In the first learning session in June, member institutions discussed how to target the individual drinker, Matzkin said. Since the meeting, Dartmouth has implemented a number of initiatives, including the Brief Alcohol Screening and Intervention of College Students, commonly referred to as BASICS, and "Plan, Do, Study, Act" cycles known as PDSAs, to help manage current programs, she said.
In Austin, College representatives presented data that they had collected about their efforts, Matzkin said. PDSAs have helped the College manage its progress on new initiatives like BASICS.
All of the 32 schools involved with the Collaborative performed environmental assessments of their campuses before attending the conference, and each chose an area they wanted to focus on to address alcohol abuse.
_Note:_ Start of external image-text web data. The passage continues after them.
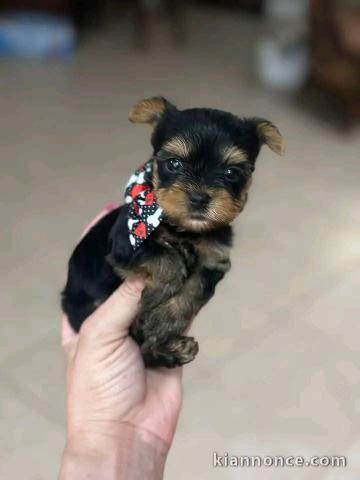 Je donne chiot Yorkshire 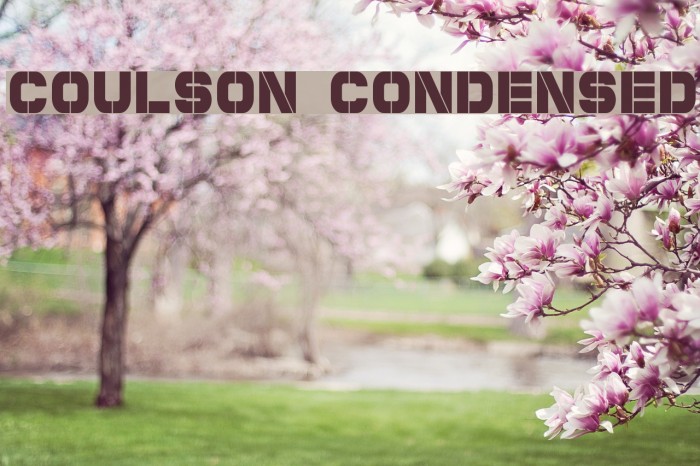 Coulson Condensed Font examples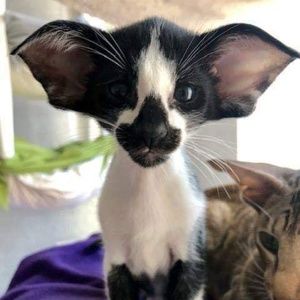 Meet your Posher, Beverly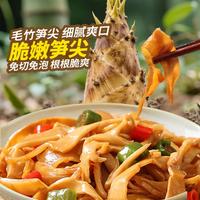 燕之坊 脆嫩笋尖500g笋干货特产糯米嫩笋尖笋丝免泡发干锅下饭菜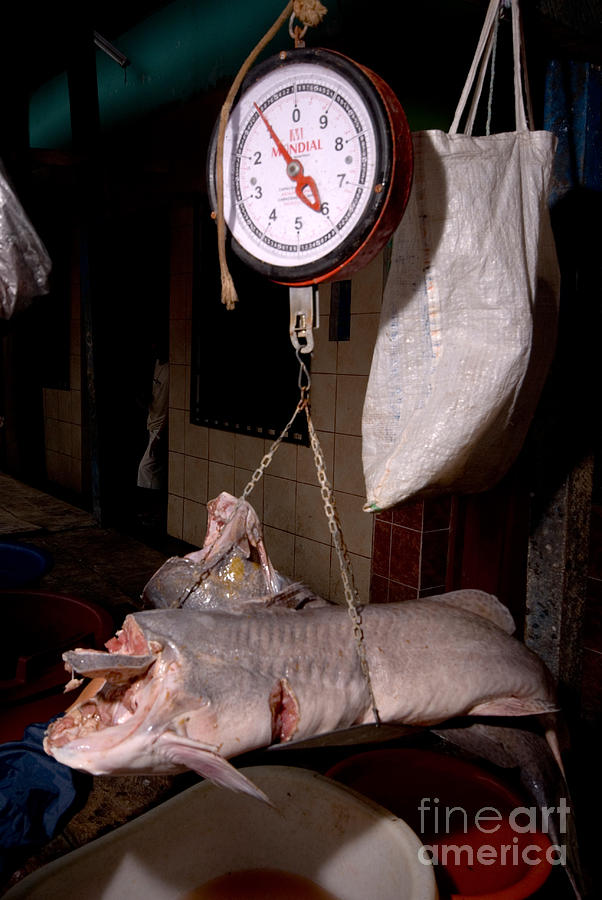 Over Exploitation Photograph - Fish Market, Peru by Dant Fenolio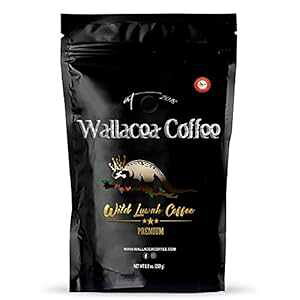 Wallacea Coffee Certified Wild Kopi Luwak Coffee BeansAWRElRR[q[AChlVAEKEX}gYRsAbNAR[q[i8.8IXj WALLACEA COFFEE EST. 2018 Wallacea Coffee Certified Wild Kopi Luwa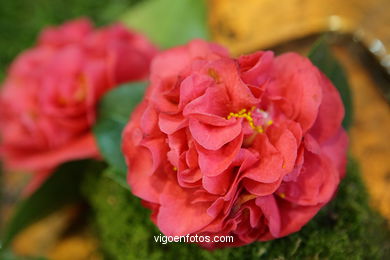 Concurso-exposici�n de la Flor de la Camelia 2008 en Bouzas (Vigo). 
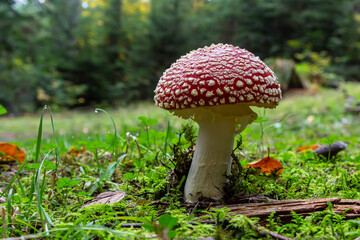 Amanita Muscaria, poisonous mushroom. Photo has been taken in the natural forest background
These areas consisted of on campus, Greek life, off campus and retail spaces, Matzkin said.
Dartmouth chose to focus on on-campus settings based on a "data-driven approach," though the improvement team struggled to choose between that and Greek life, Matzkin said. In Austin, different sessions were held so that institutions that identified the same types of spaces, such as Greek life, could conference about strategies to combat drinking in those areas, she said.
Though Dartmouth chose to focus on on-campus spaces, some representatives went to the Greek life meeting. In the sessions, representatives shared strategies.
"We used some time to collaborate and plan about what to do when we come back to campus," she said.
One tool discussed at the conference was mapping to see where high-risk environments are, Matzkin said. Another focuses on communicating with the community about expectations, rules, alcohol policies and the consequences of violating such policies, she said.
Matzkin and her team have returned to Dartmouth with a number of ideas, but have yet to decide exactly what they will implement, she said. Since only eight of the 12 members of the team were in Austin, the whole group will meet next week to decide exactly what strategies it will use.
"We are particularly going to be focusing on high-risk behaviors like pre-gaming in residence halls," she said.
Since the Collaborative was established last June, Matzkin has observed progress, but said more remains to be done in the future.
This year, Dartmouth has seen a slight decline in alcohol-related incidents, Matzkin said. She and her team are still in the process of aggregating fall data to compare with data from past years. Representatives from Dartmouth included Matzkin, College President Jim Yong Kim, head of Green Team Will Conaway '13, Coordinator of the Alcohol and Other Drug Education Program Brian Bowden, physician at Dick's House Ann Bracken, Director of Institutional Research Lynn Foster-Johnson, the College's campus improvement team's student representative Matt Moses '13 and Director of Residential Education Michael Wooten.
Focusing on the individual and the environment are just part of the Collaborative's multi-faceted approach, Matzkin said. At the Collaborative's next meeting in July, whose location has not yet been announced, the group will discuss the systems that campuses have to address high-risk drinking.